RECORDS SHOWN
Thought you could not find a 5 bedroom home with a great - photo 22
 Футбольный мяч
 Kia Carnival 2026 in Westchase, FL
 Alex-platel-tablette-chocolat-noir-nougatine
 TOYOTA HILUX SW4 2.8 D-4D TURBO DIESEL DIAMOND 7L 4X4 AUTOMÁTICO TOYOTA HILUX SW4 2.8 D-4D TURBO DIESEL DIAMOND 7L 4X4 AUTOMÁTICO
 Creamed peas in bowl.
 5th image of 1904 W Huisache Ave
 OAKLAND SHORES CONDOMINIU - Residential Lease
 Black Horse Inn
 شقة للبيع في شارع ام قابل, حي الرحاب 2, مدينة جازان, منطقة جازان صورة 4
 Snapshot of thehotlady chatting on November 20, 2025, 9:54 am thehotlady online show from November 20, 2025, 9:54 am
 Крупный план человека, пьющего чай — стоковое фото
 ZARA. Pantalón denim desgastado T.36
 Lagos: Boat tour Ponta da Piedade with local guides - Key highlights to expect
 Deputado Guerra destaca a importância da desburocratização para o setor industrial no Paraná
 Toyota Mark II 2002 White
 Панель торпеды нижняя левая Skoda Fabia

PROBLEM DESCRIPTION
Copy every record above out again, word for word.

OUTPUT
Thought you could not find a 5 bedroom home with a great - photo 22
 Футбольный мяч
 Kia Carnival 2026 in Westchase, FL
 Alex-platel-tablette-chocolat-noir-nougatine
 TOYOTA HILUX SW4 2.8 D-4D TURBO DIESEL DIAMOND 7L 4X4 AUTOMÁTICO TOYOTA HILUX SW4 2.8 D-4D TURBO DIESEL DIAMOND 7L 4X4 AUTOMÁTICO
 Creamed peas in bowl.
 5th image of 1904 W Huisache Ave
 OAKLAND SHORES CONDOMINIU - Residential Lease
 Black Horse Inn
 شقة للبيع في شارع ام قابل, حي الرحاب 2, مدينة جازان, منطقة جازان صورة 4
 Snapshot of thehotlady chatting on November 20, 2025, 9:54 am thehotlady online show from November 20, 2025, 9:54 am
 Крупный план человека, пьющего чай — стоковое фото
 ZARA. Pantalón denim desgastado T.36
 Lagos: Boat tour Ponta da Piedade with local guides - Key highlights to expect
 Deputado Guerra destaca a importância da desburocratização para o setor industrial no Paraná
 Toyota Mark II 2002 White
 Панель торпеды нижняя левая Skoda Fabia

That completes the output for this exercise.